The Dow Jones industrial average fell 2.08 percent, or 241.81, to 11,386.25, with all 30 members of the blue-chip index ending the session lower. The broader Standard & Poor's 500-stock index dropped 1.96 percent, or 25.36, to 1266.84. The Nasdaq composite index fell 49.12, or 2.03 percent, to 2365.59.
Analysts said the movements in stock prices were magnified by light trading volumes, reflecting late August's popularity as a vacation time. The Dow industrials have posted triple-digit swings in six of the past 10 trading sessions.

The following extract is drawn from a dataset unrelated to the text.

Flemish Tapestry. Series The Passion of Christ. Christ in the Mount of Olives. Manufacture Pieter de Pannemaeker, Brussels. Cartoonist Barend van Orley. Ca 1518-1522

"This is what you'd call a manic-depressive market, and the volatility at this point just continues to scare people," said Doug Roberts, chief investment strategist for Shrewsbury, N.J.-based Channel Capital Research, which sells market research to investors.
American International Group was the worst performer in the Dow Jones, sinking $1.09 to $18.78 as concerns grow over whether the insurance giant will need to take more write-downs on securities tied to the mortgage market.
Gainers for the day included Freddie Mac and Fannie Mae, which got a reprieve from investors who had pushed down the stock last week on concerns that the mortgage lenders would require a federal bailout that could wipe out shareholders.
Freddie Mac shares rebounded 48 cents to $3.29, marking their first increase in seven sessions, while Fannie Mae shares rose 19 cents to $5.19.
Two retail stocks, Dillard's and Coach, had the biggest declines among S&P 500 issues. Dillard's, the department store operator, fell 6.88 percent, or 82 cents, to $11.03, while handbags maker Coach dropped 6.78 percent, or $1.92, to $26.41.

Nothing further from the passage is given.